I’ve found my religion


The Manifesto of Mother Monster:

I love Lady Gaga so much. One, I was raised on Madonna and disco, so I love me some dance music. Two, she’s fucking insane. It’s awesome. I have no idea what I just watched or what sort of drugs went into the creation of it, but I love it.

Though I have to admit…I realized the new video was released because PZ posted about it. I’m lapsing in my haggery! How was I not alerted to this sooner?!

…Alright, time to take a research break to dance around to this song a couple more times.

Comments

  1. Vanessa says

    She is so crazy! I just watched the video about an hour ago, and I was like wtf gaga? but that’s why i love her!

  2. says

    I love her.

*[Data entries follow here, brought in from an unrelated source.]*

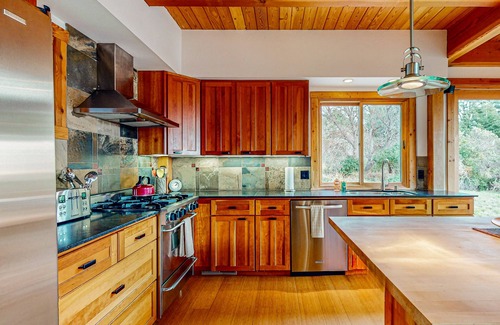 Sea Ranch House | Oceanview Home with Two Decks & Full Kitchen - Walk to Bluff Trail & Shared Pool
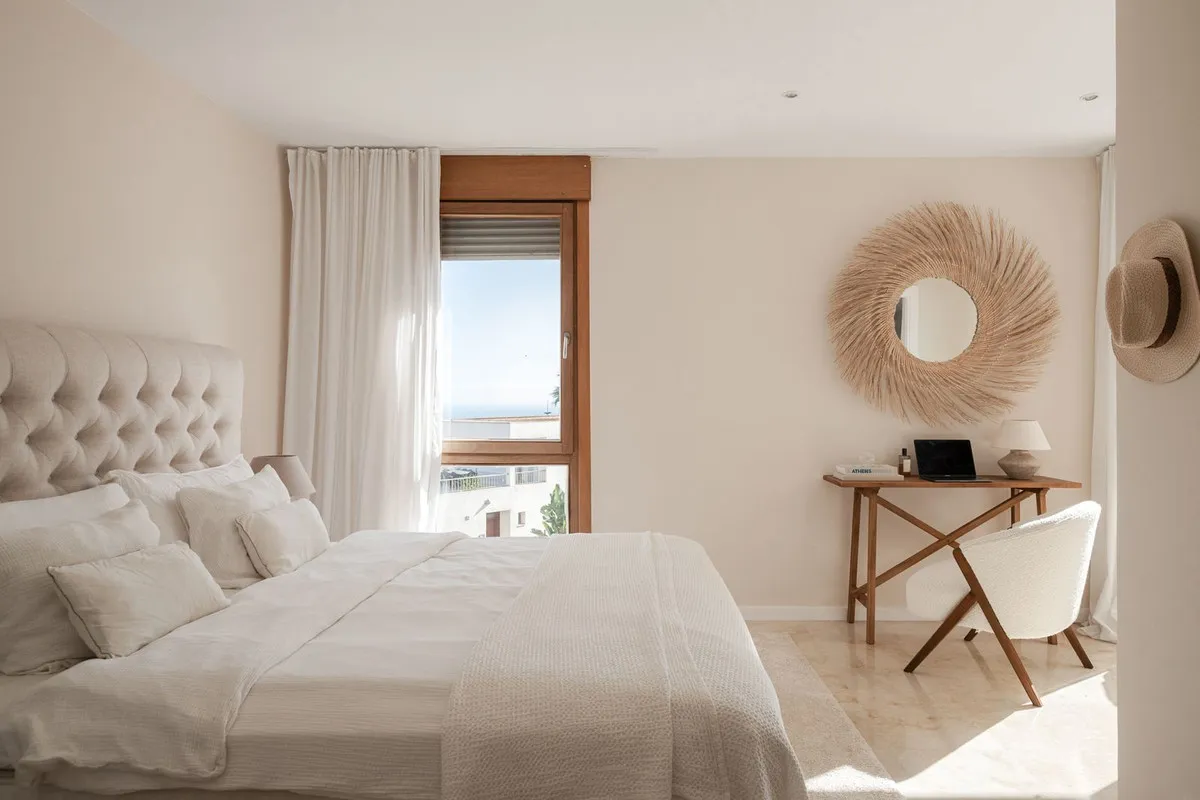 c8f9ed63-594f-49f5-9945-e8ed75d2f38a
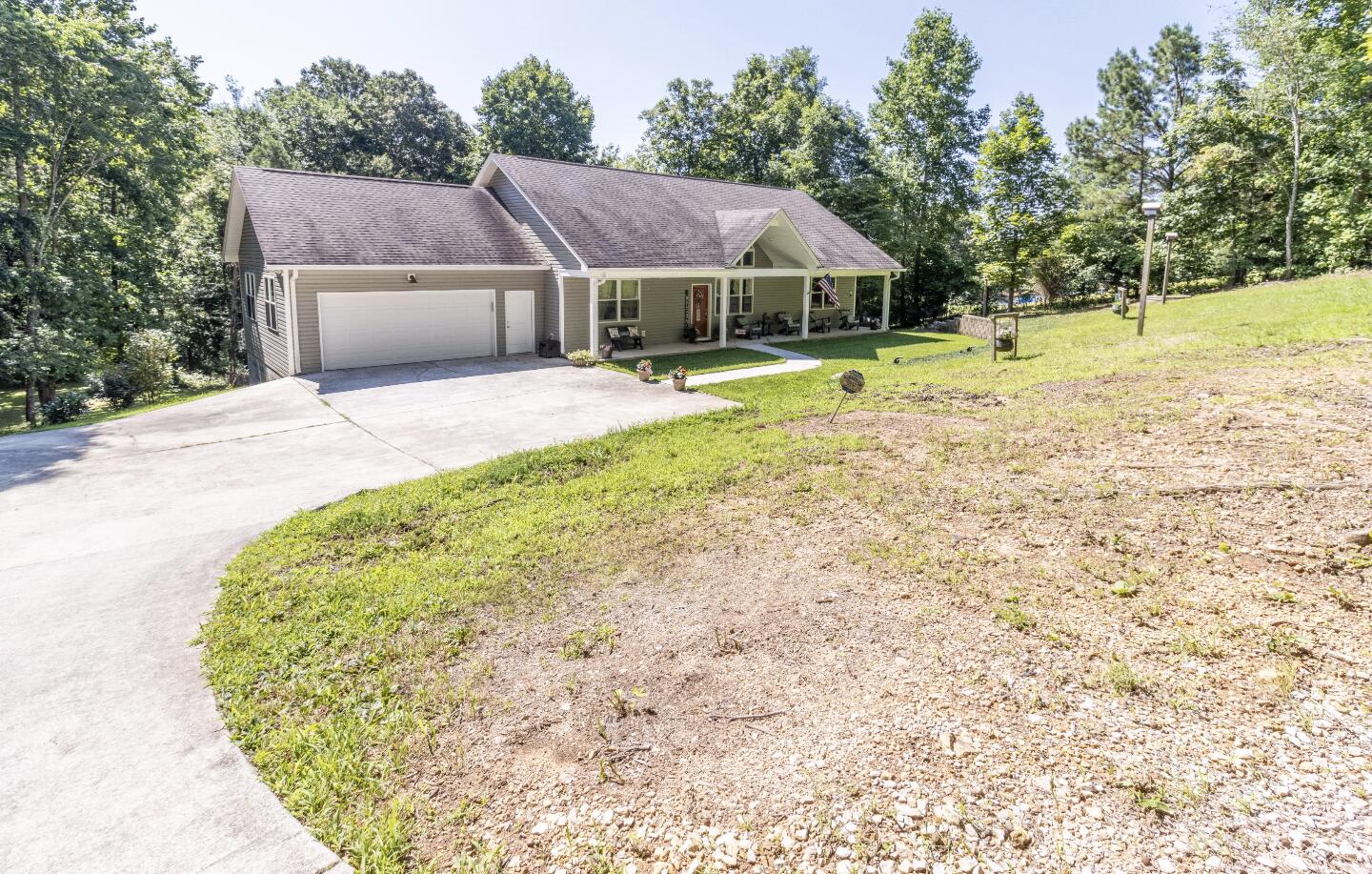 4642 Howardsville Road Apison, TN 37302 - Photo 1 of 27 Screenshot_20230629-223049~2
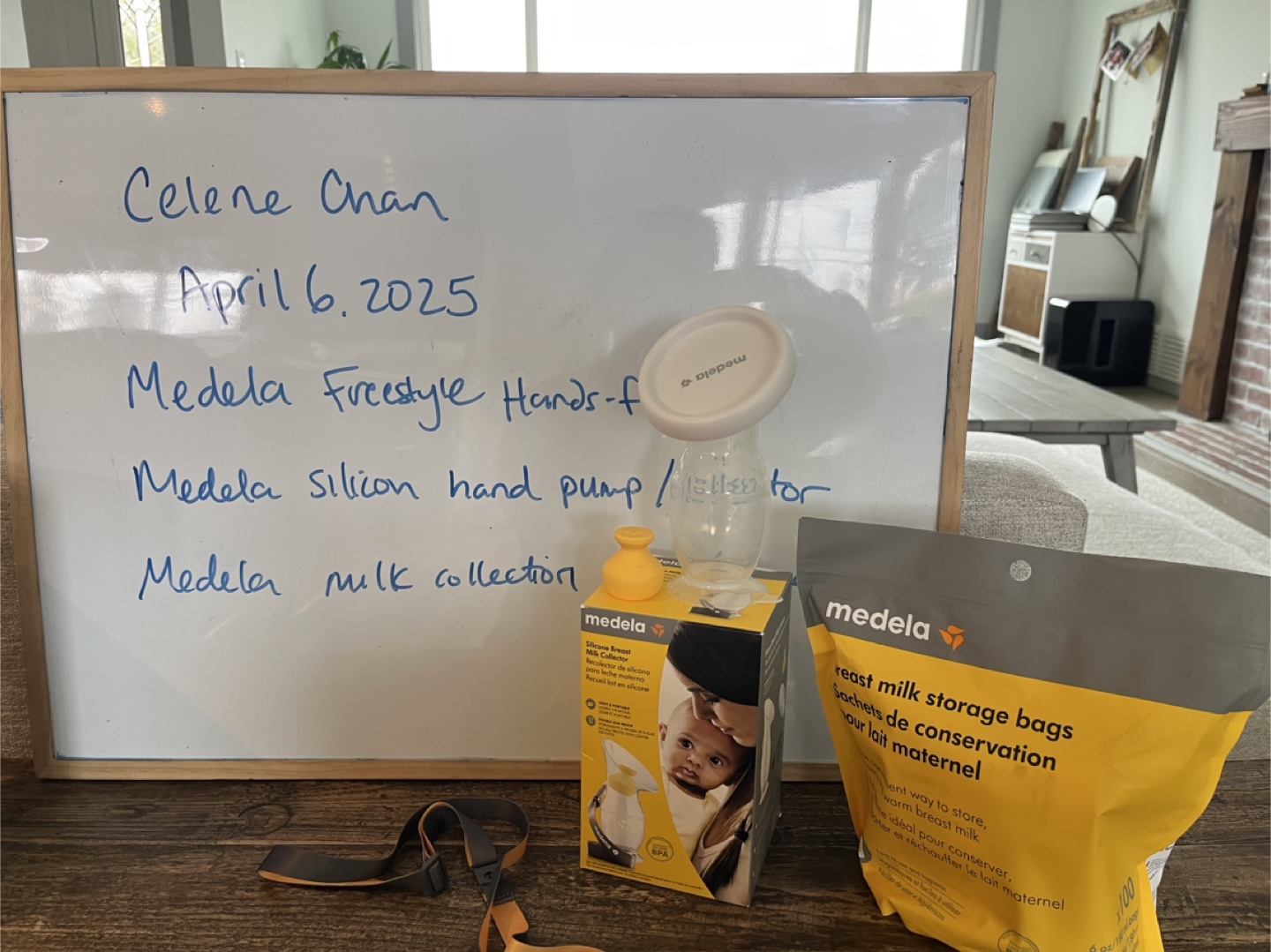Medela Freestyle Hands-Free Breast Pump Bundle - photo 2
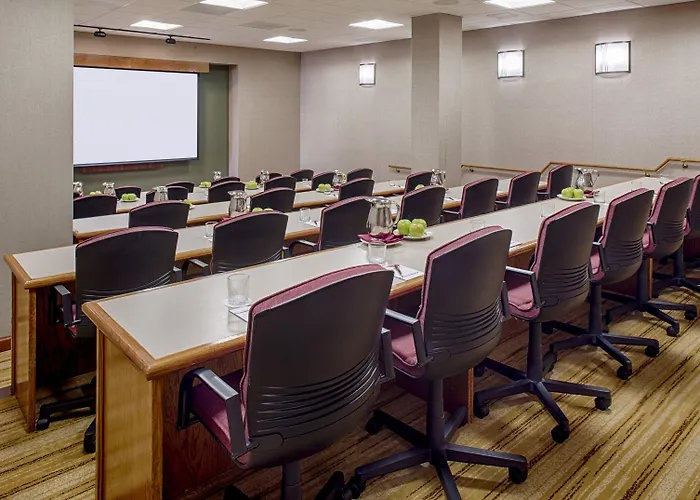 Crowne Plaza Phoenix - Golf By Ihg 4*
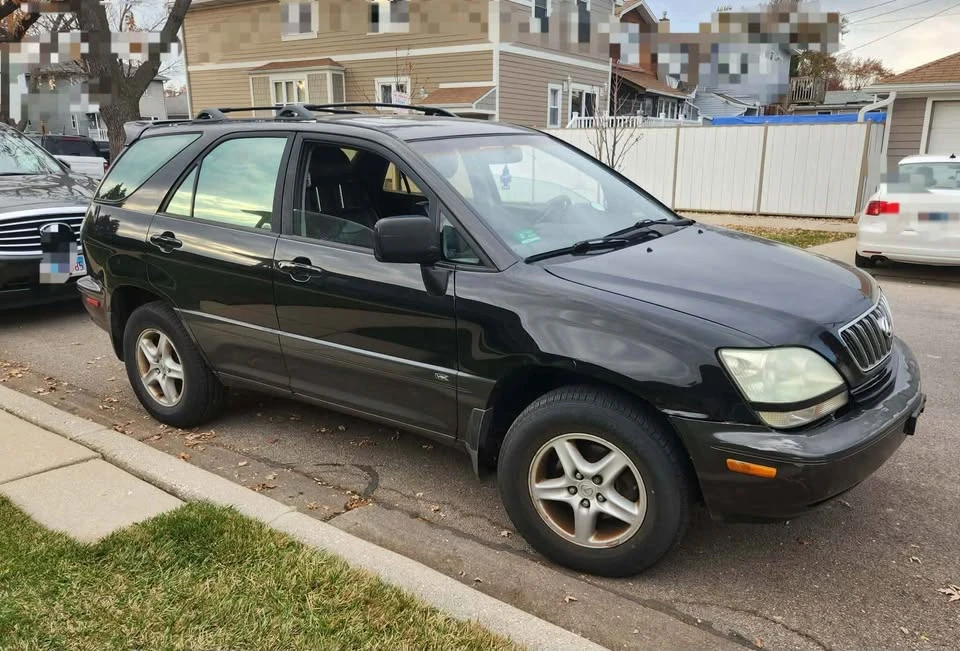 2002 Lexus RX 1st Gen - Image 8 of 11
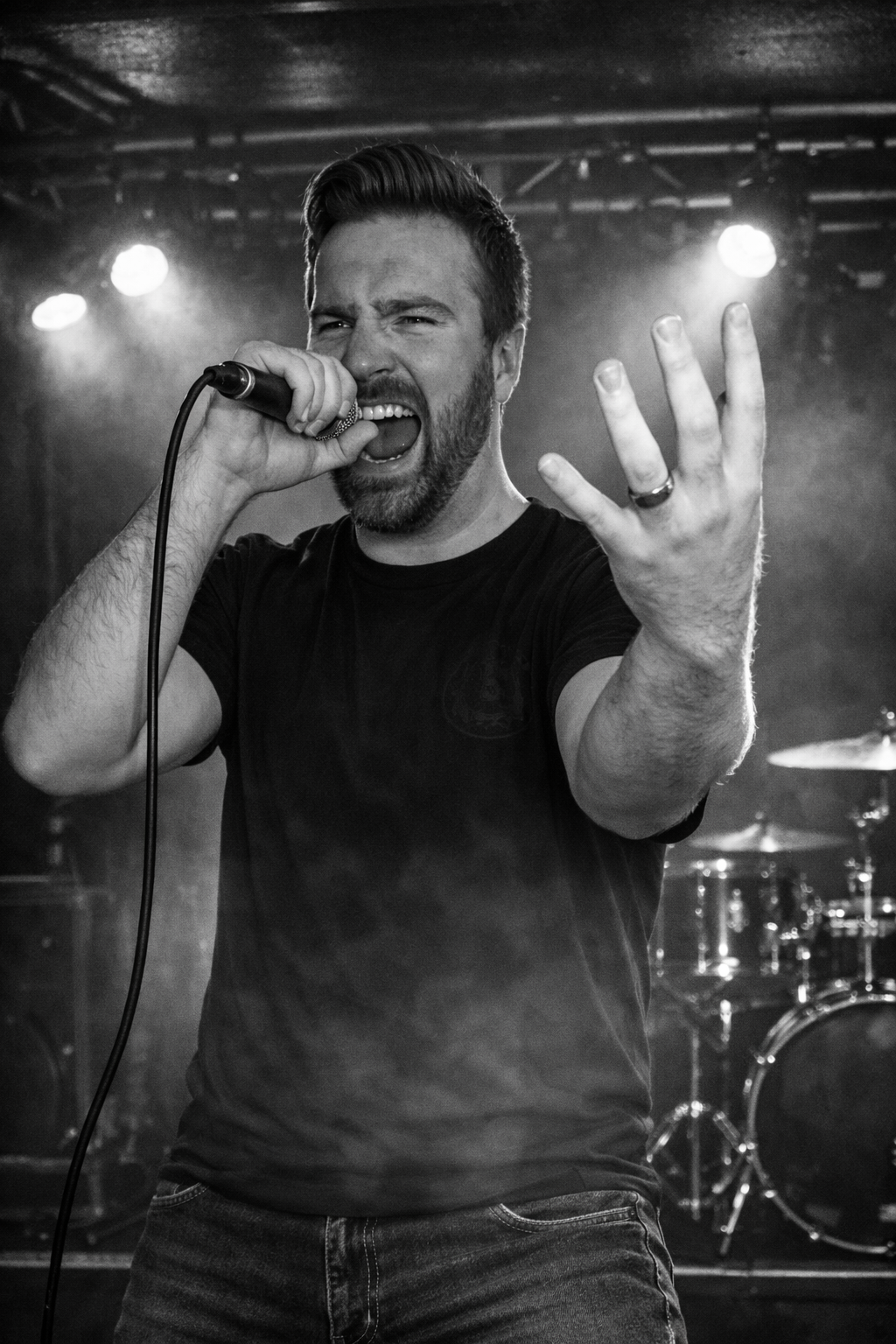 Tom McRann Singing Live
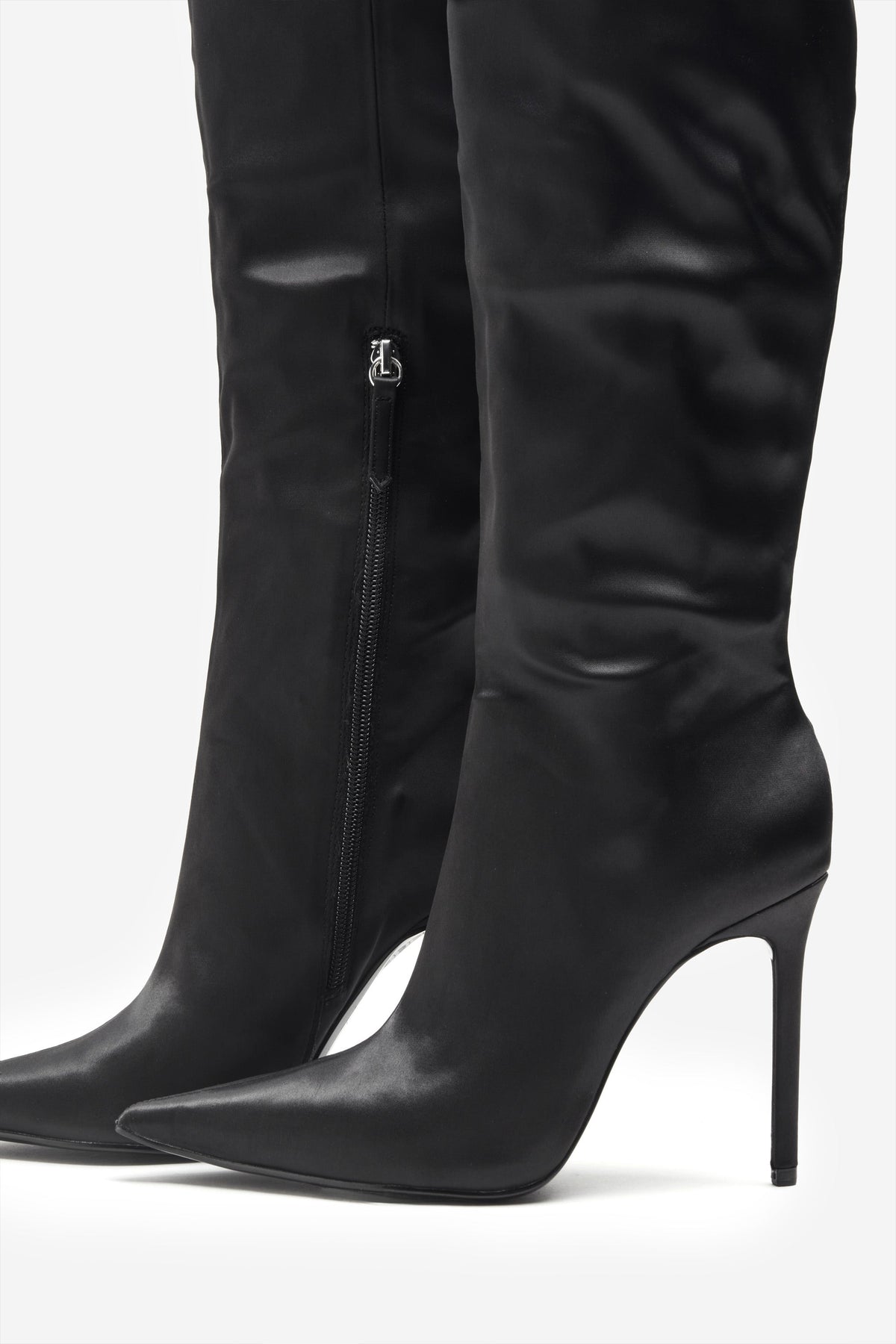 Soho | Botas de Tacón en Satén Negro con Adornos de Plumas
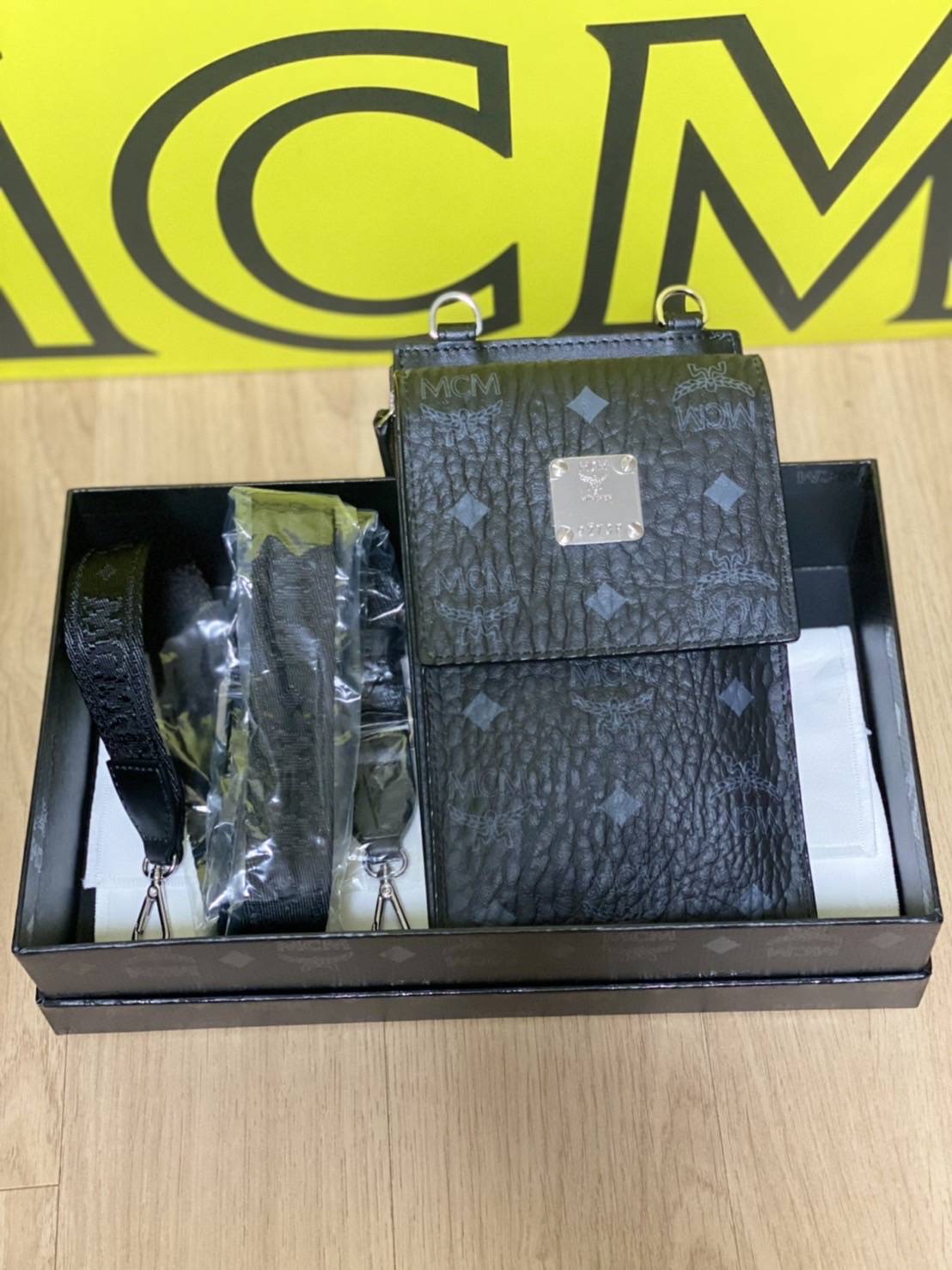 New Mcm phone bag crossbody สีดำ
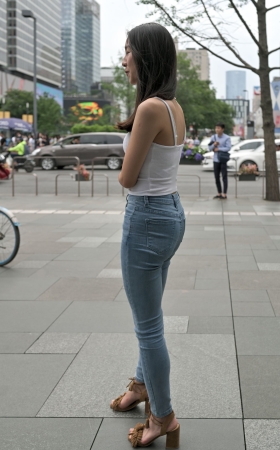 吊带牛仔小姐姐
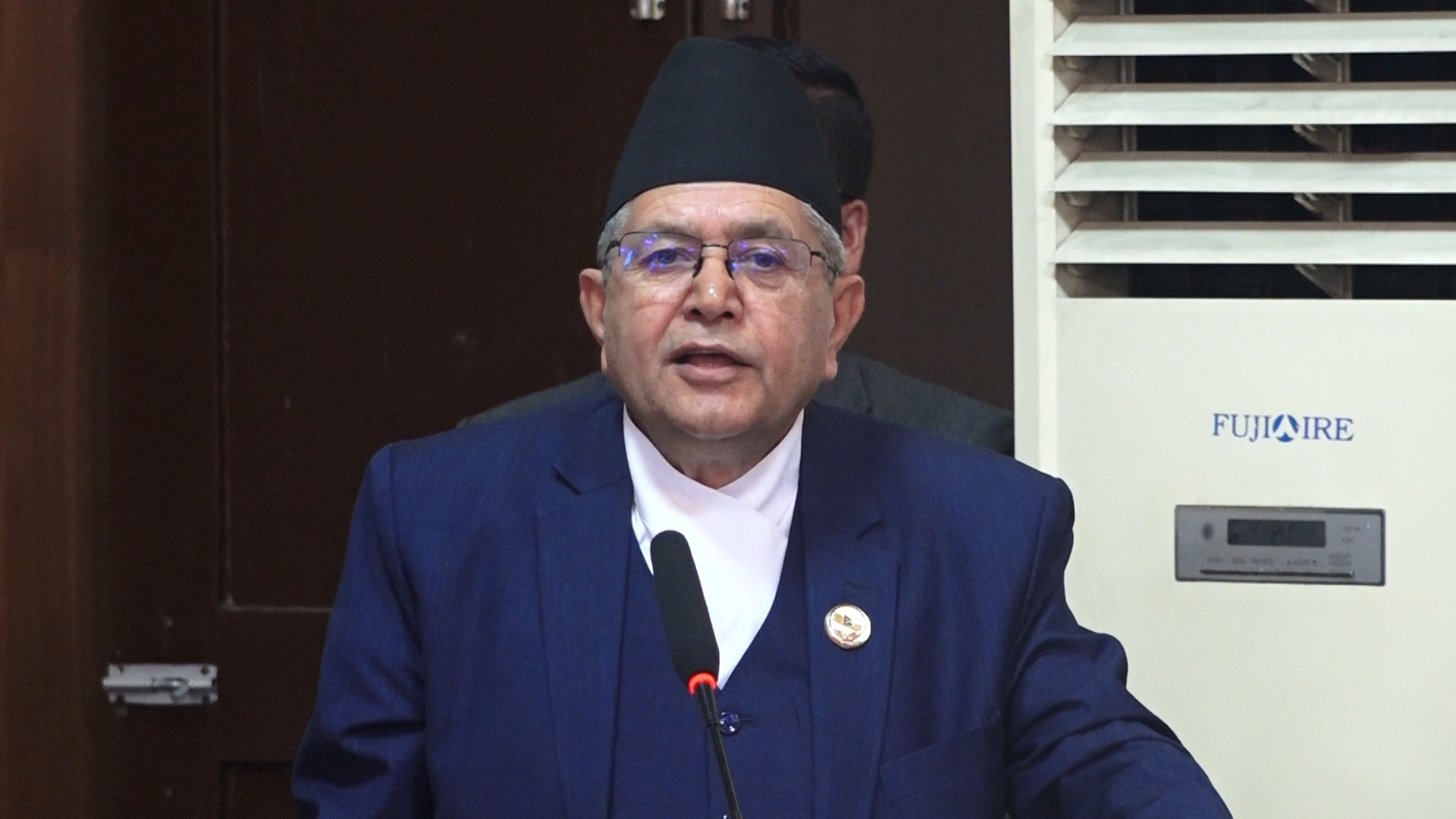 अविश्वास बढेको छ, सुरक्षाका लागि सरकार जिम्मेवार हुनुपर्छ : सभामुख घिमिरे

Not just because I grew up on Madonna and dance music… but because I spent a lot of time around performance artists.I’m still not sure what the heck went on there, but it is awesome.

  3. LS says

    She really is an artist. Most people don’t see that because she does clothe herself in the garb of pop music (a genre I haven’t approved of since Men Without Hats.) But Gaga transcends her medium, particularly in her videos.

  4. Sugo says

    that girl is my friend’s little sister! i totally wasn’t expecting to see a link to her video here. haha.. what a small world.

  5. Phyzit13 says

    i think the music video is super crazy and my mind isnt not entirely sure how/why i love it, but the song itself makes me a bit disappointed. to me, it sounds like gaga is pandering to the religious (a bit) to this song by using terms like “capitol H-I-M” along with the “born this way” theme. dont get me wrong, i think that no one should be segregated for emotions and feelings that are beyond their control, but dont say that god did it, as if that is reassuring…

  6. Peripheral Nerves says

    I like. I know it’s not the same song but man this reminds me of Madonna – Express Yourself

  7. says

    I disagree. She likes attention. Plain and simple. I know people who are crazy (not legally) she’s just a poser (Lady Gaga formula: wear something odd+say something weird+publicist=Perfectly Packaged Consumer Product). Plus I’m a musician, I respect music too much to actually like Lady Gaga. I know this is an argument from authority but any time I’m around other musicians (rock, orchestral, chorus, jazz) any mention of Lady Gaga gets a collective *sigh* of disapproval. General rule of thumb is that if the majority of people unthinkingly laps up the new product, it’s probably just a corporate formula proven to be loved by the intended demographic Exhibit A: Justin Bieber/tween-teen girls.I know, I’m the horrible wet blanket raining on everyone’s parade; but I would hope that more people would realize that people like her are a product, not an artist (never written a single song on her own; much like Britney Spears). I wish real artists were in the lime light rather than these things made by “the suits”. Lady Gaga is a fad much like every boy band/heartthrob that’s been peddled to teen girls since the 60s.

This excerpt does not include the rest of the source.